Dataset records
***
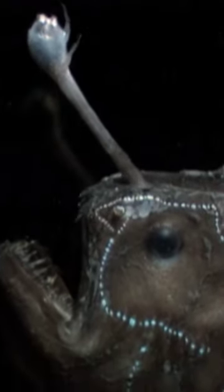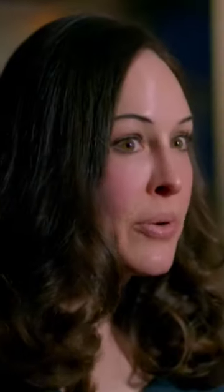They attract prey with a lantern-like light that dangles from their heads, powered by bacteria. We do know that anglerfish can grow up to about 3 feet in size, like what we see in the video.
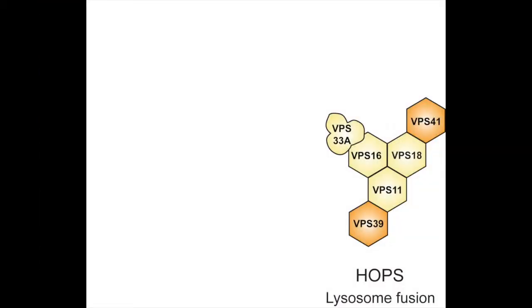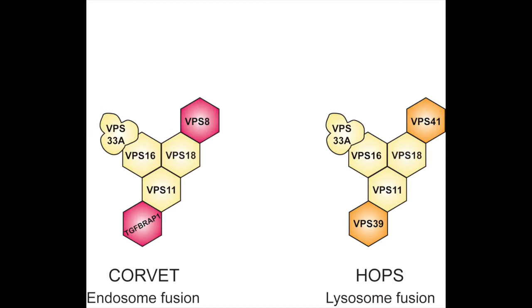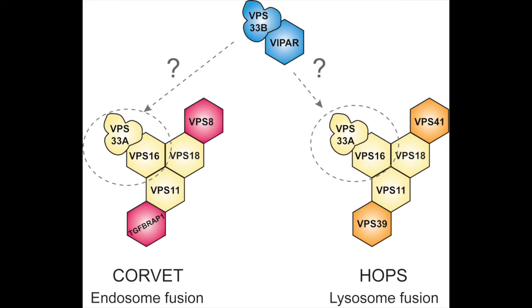Together our experiments confirm that HOPS is essential for the fusion of vesicles with lysosomes. We have also been able to exclude a role of the VPS16 and VPS33A human paralogues in both the HOPS complex and the related CORVET complex. CORVET has been implicated in fusion events early in the endocytic pathway and shares four core subunits with HOPS, but human CORVET has different accessory subunits, having TGF-beta receptor-associated protein 1 and VPS8. An open question in the field is whether human paralogues of VPS16 and VPS33A, called Viper and VPS33B, can substitute for VPS16 or VPS33A in HOPS or CORVET, or whether they form an independent complex.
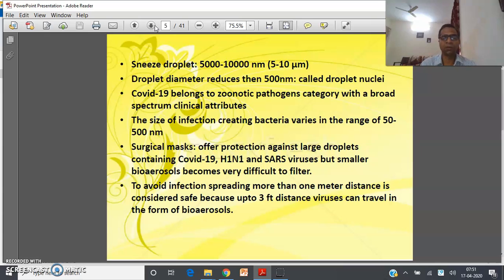Surgical masks offer protection against large droplets containing COVID-19, H1N1, and SARS viruses, but smaller bio-aerosols become very difficult to filter even using surgical masks. To avoid infection spreading, more than one meter distance is considered safe, because viruses can travel up to three feet in the form of bio-aerosols.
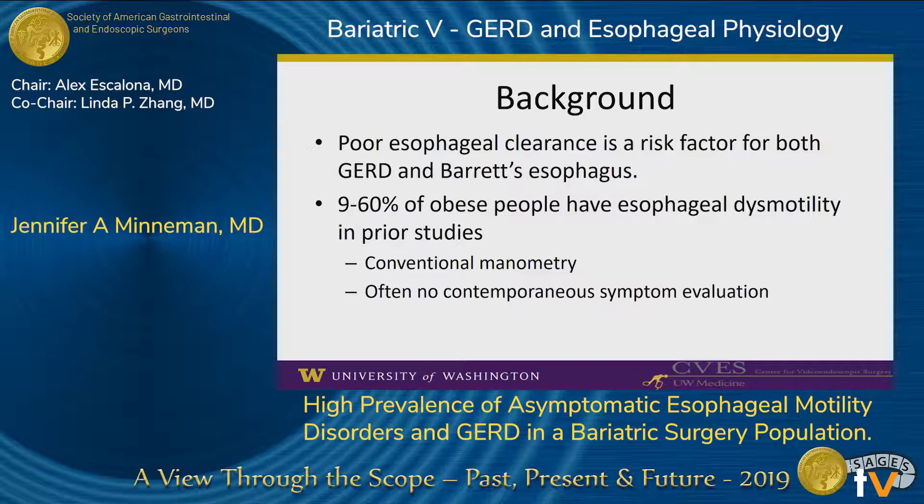We know that poor esophageal clearance predisposes to both GERD and Barrett's esophagus. Prior studies of esophageal motility in obese patients have demonstrated rates of dismotility of up to 60%, but these studies were done with conventional manometry and generally do not include symptom data. The prevalence of esophageal dismotility, as defined by the Chicago Classification Version 3 on high-resolution manometry, is unknown. We also do not know whether these disorders are symptomatic in this population.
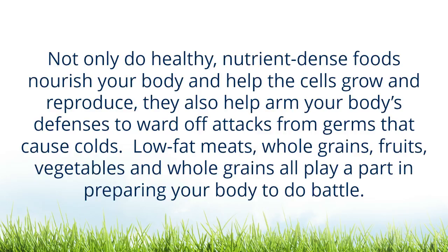Not only do healthy nutrient-based foods nourish your body and help the cells grow and reproduce, they also help arm your body's defenses to ward off attacks from germs that cause colds. Low-fat meats, whole grains, fruits, and vegetables all play a part in preparing your body to do battle.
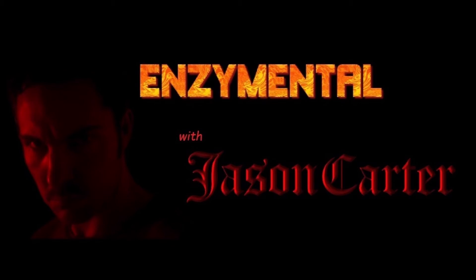Thanks for watching. I'm Jason Carter, and I'll see you next time on Enzyme Mental. Stay healthy.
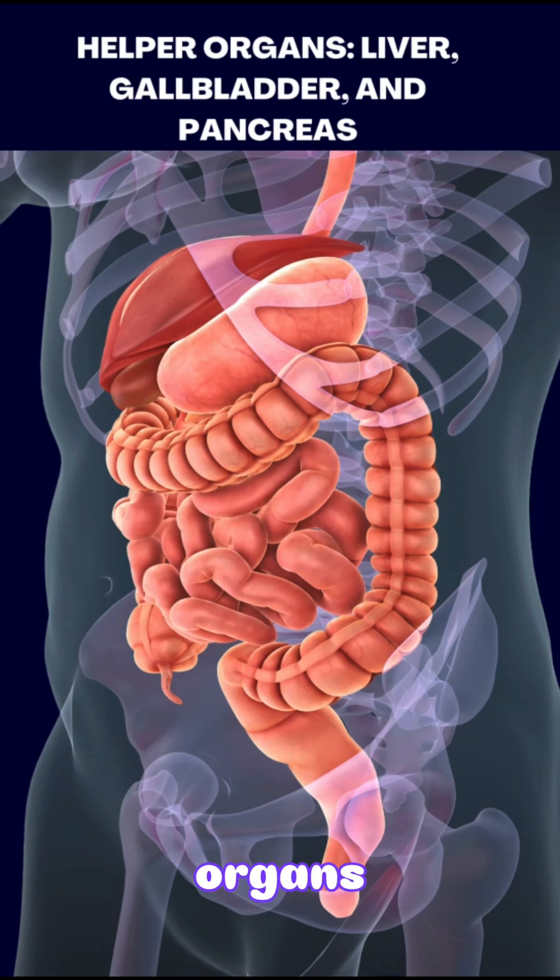Helper organs: liver, gallbladder, and pancreas. The liver, gallbladder, and pancreas don't directly touch the food, but they help digestion in big ways. The liver makes bile, which breaks down fat. The gallbladder stores that bile and sends it to the small intestine when needed. The pancreas makes enzymes that break down sugar, fat, and protein.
***
Work required:
Print every record exactly, without the pictures.

Exercise result:
They attract prey with a lantern-like light that dangles from their heads, powered by bacteria. We do know that anglerfish can grow up to about 3 feet in size, like what we see in the video.
Together our experiments confirm that HOPS is essential for the fusion of vesicles with lysosomes. We have also been able to exclude a role of the VPS16 and VPS33A human paralogues in both the HOPS complex and the related CORVET complex. CORVET has been implicated in fusion events early in the endocytic pathway and shares four core subunits with HOPS, but human CORVET has different accessory subunits, having TGF-beta receptor-associated protein 1 and VPS8. An open question in the field is whether human paralogues of VPS16 and VPS33A, called Viper and VPS33B, can substitute for VPS16 or VPS33A in HOPS or CORVET, or whether they form an independent complex.
Surgical masks offer protection against large droplets containing COVID-19, H1N1, and SARS viruses, but smaller bio-aerosols become very difficult to filter even using surgical masks. To avoid infection spreading, more than one meter distance is considered safe, because viruses can travel up to three feet in the form of bio-aerosols.
We know that poor esophageal clearance predisposes to both GERD and Barrett's esophagus. Prior studies of esophageal motility in obese patients have demonstrated rates of dismotility of up to 60%, but these studies were done with conventional manometry and generally do not include symptom data. The prevalence of esophageal dismotility, as defined by the Chicago Classification Version 3 on high-resolution manometry, is unknown. We also do not know whether these disorders are symptomatic in this population.
Not only do healthy nutrient-based foods nourish your body and help the cells grow and reproduce, they also help arm your body's defenses to ward off attacks from germs that cause colds. Low-fat meats, whole grains, fruits, and vegetables all play a part in preparing your body to do battle.
Thanks for watching. I'm Jason Carter, and I'll see you next time on Enzyme Mental. Stay healthy.
Helper organs: liver, gallbladder, and pancreas. The liver, gallbladder, and pancreas don't directly touch the food, but they help digestion in big ways. The liver makes bile, which breaks down fat. The gallbladder stores that bile and sends it to the small intestine when needed. The pancreas makes enzymes that break down sugar, fat, and protein.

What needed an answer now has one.